Each database is actually comprised of a number of files. Let's look at the Users database as an example:

USERS.DAT - The actual data is stored here (includes header in first page)
USERS.IDX - Primary index mapping Record ID → Page Number (B-Tree)
USERS.I00 - Secondary index 00 (e.g., username → Record ID)
USERS.I01 - Secondary index 01 (e.g., email → Record ID)
USERS.JNL - Journal file for transaction recovery

Index Architecture:

The .IDX file is the primary index that maps Record IDs to physical Page Numbers
All secondary indexes (.I?? files) map field values to Record IDs
This indirection allows records to move between pages without updating secondary indexes
Only the primary .IDX index needs updating when a record's physical location changes

Database Header (Pages 0-1 of .DAT file)

The database header spans the first two pages of the .DAT file. Page 0 contains metadata and index definitions, page 1 contains the free page list.

Page 0: DBHeader + Index List

Header (32 bytes):

Name	Type	Notes
signature	char[4]	"VDB" + '\0' for file type validation
version	uint16	Format version (currently 1)
page_size	uint16	Size of each page in bytes (always 512)
record_size	uint16	Size of each record in bytes (1-130050)
record_count	int32	Total number of active records
next_record_id	int32	Next available Record ID
last_compacted	int32	Timestamp of last compaction operation
journal_pending	bool	true if journal needs replay on open
index_count	byte	Number of secondary indexes (0-15)
reserved	byte[8]	Padding to 32 bytes

Index List (480 bytes):

Name	Type	Notes
indexes	DBIndexInfo[15]	Secondary index definitions (15 × 32 = 480)

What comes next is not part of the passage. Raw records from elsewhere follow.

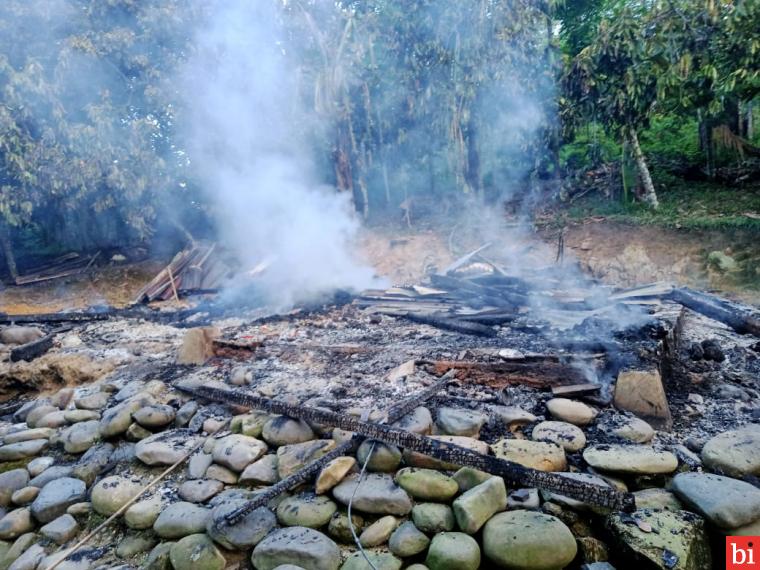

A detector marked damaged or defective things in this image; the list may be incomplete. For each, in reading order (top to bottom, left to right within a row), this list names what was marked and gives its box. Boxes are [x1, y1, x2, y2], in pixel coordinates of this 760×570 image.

charred wooden beam [202, 374, 452, 524]
pile of charred debris [0, 246, 756, 568]
charred wooden beam [186, 382, 636, 510]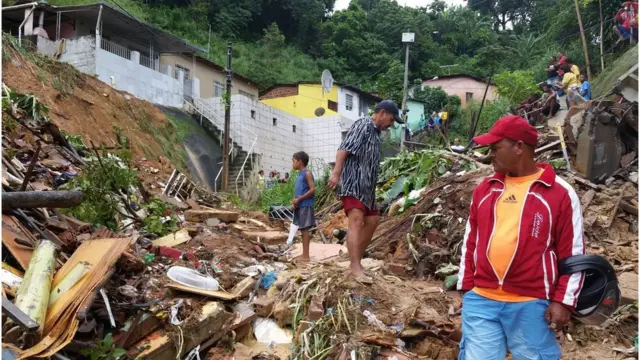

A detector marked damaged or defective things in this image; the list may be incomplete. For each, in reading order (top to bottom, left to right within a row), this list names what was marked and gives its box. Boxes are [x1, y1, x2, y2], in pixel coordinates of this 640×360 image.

broken wood board [1, 214, 36, 270]
broken wood board [151, 229, 190, 249]
broken wood board [292, 242, 348, 262]
broken wood board [19, 238, 133, 358]
broken wood board [168, 282, 240, 300]
broken wood board [616, 272, 636, 304]
broken wood board [127, 300, 232, 360]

Total page 0 size: 32 + 480 = 512 bytes

Page 1: DBFreeList

Name	Type	Notes
free_page_count	uint16 (2 bytes)	Total count of free pages in database
free_page_list_len	uint16 (2 bytes)	Number of entries in free_pages array (0-127)
free_pages	int32[127]	Page numbers of empty pages (508 bytes)

DBIndexInfo (in page 0, after header):

Name	Type	Notes
field_name	char[30]	The name of the field being indexed (30 bytes)
index_type	byte	0 = IT_ID (int32), 1 = IT_STRING (char[64])
index_number	byte	Maps to one of the `I??` files (00-14)

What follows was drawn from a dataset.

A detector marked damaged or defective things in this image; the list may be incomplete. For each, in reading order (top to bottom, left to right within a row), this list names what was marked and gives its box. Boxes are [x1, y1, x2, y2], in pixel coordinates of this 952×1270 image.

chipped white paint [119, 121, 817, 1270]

DBIndexInfo Size: 30 bytes (field_name) + 1 byte (index_type) + 1 byte (index_number) = 32 bytes exactly

Page 0 Layout: 32 bytes (header) + 480 bytes (15 indexes × 32 bytes) = 512 bytes

Index Type Values:

0 (IT_ID): Index on an int32 field
1 (IT_STRING): Index on a char[64] field

signature: Used to verify file format. Always "VDB" followed by null terminator.

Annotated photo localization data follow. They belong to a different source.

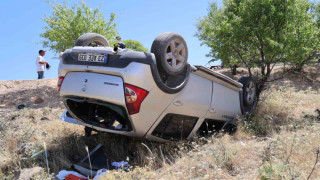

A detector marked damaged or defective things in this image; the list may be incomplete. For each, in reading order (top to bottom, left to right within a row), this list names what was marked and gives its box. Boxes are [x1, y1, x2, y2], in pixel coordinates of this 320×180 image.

overturned white car [58, 33, 258, 141]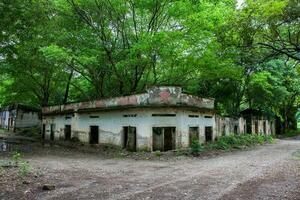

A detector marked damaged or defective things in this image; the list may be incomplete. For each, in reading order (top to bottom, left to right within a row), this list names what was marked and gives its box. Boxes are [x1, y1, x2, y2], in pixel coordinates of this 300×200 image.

broken window [152, 127, 176, 151]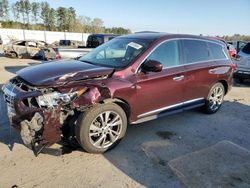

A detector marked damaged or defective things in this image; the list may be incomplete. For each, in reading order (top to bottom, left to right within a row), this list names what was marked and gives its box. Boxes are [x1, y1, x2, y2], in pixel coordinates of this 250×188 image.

hood damage [2, 69, 112, 156]
broken headlight [36, 88, 87, 108]
damaged suv [2, 33, 234, 155]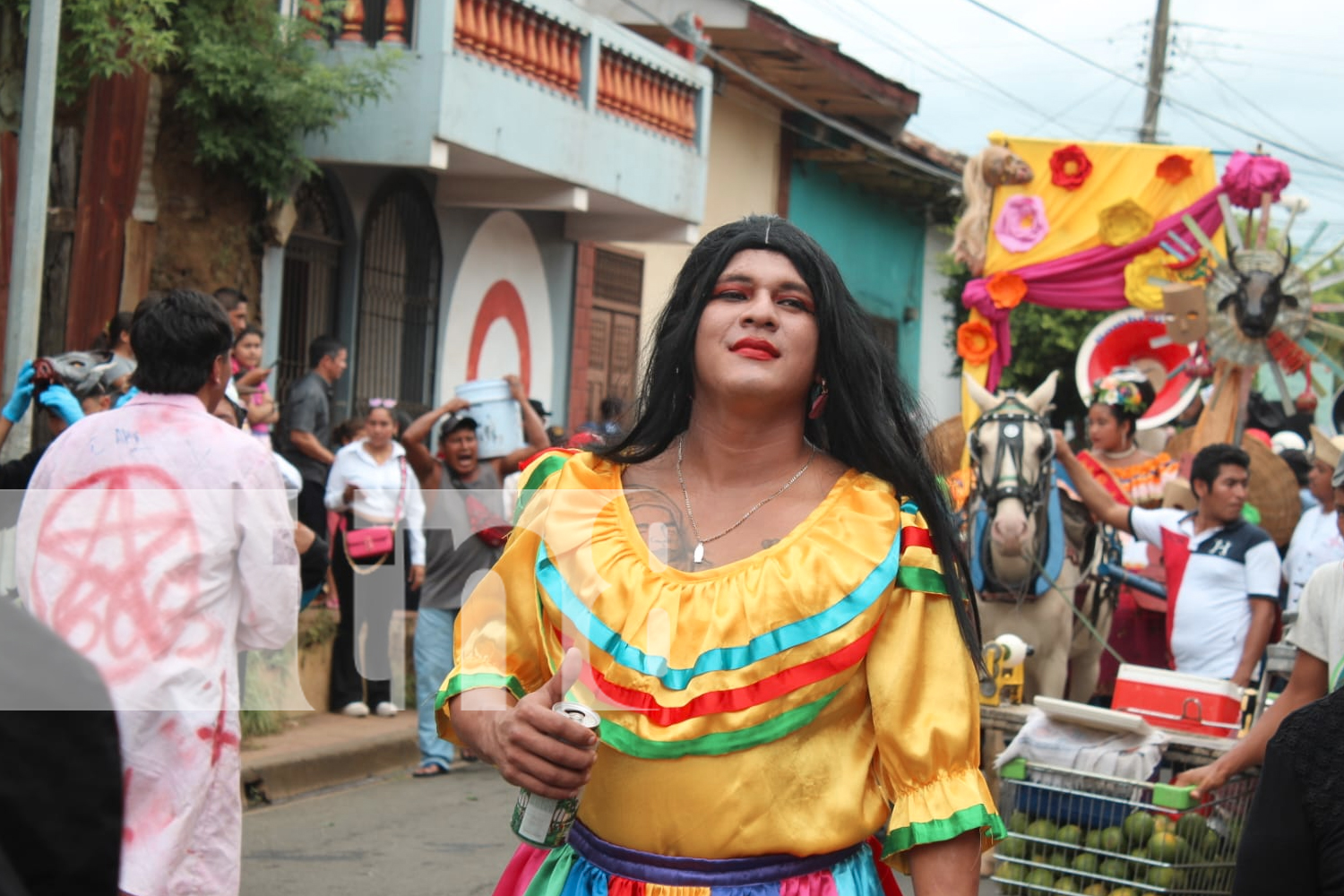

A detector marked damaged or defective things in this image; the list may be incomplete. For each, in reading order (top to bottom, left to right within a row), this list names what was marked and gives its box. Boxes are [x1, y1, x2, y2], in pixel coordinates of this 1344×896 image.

rusty metal gate [275, 177, 341, 400]
rusty metal gate [358, 177, 441, 405]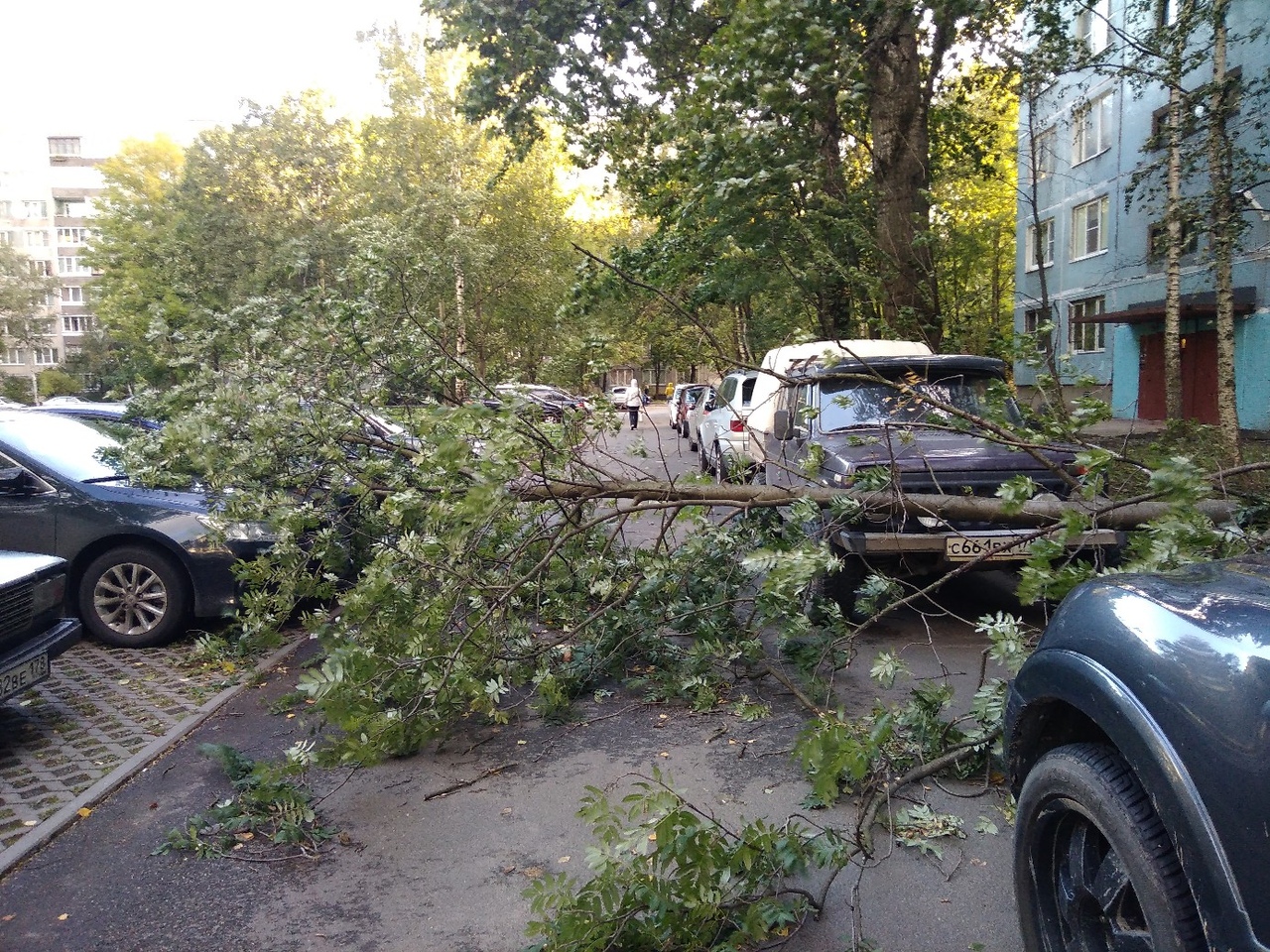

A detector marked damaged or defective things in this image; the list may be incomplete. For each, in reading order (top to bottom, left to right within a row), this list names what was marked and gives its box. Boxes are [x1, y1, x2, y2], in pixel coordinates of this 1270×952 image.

crushed vehicle [758, 353, 1119, 607]
crushed vehicle [0, 551, 81, 706]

version: Format version number. Current version is 1. Future incompatible changes increment this.

record_count: Tracks active records. Updated on add/delete operations.

next_record_id: Auto-incrementing counter for assigning new Record IDs. Never decreases.

page_size: Always 512 bytes. This constant size matches the BTree module and simplifies disk I/O.

record_size: Size of each record in bytes. All records in this database are the same size. This determines how many pages each record occupies:

pages_per_record = ceiling(record_size / 506)
Maximum: 65535 bytes (limited by uint16), which is ~130 pages
Examples: 100 byte record = 1 page, 1000 byte record = 2 pages

Compaction: The process of removing empty pages and rebuilding indexes to reclaim disk space. The last_compacted field tracks when this was last done.

journal_pending: Set to true when a transaction begins, false when committed. If true on database open, the journal must be replayed to complete interrupted operations.

index_count: Number of active secondary indexes (0-15). Maximum 15 indexes supported.

reserved: 8 bytes of padding to bring header to exactly 32 bytes.

free_page_count (in DBFreeList, page 1): Total count of all free pages in the database (maximum 65535). This counter is incremented when a page is deleted and decremented when a page is allocated. If this value is 0, allocate a new page at end of file. If this value is > 0 but free_page_list_len = 0, call UpdateFreePages to repopulate the free_pages array.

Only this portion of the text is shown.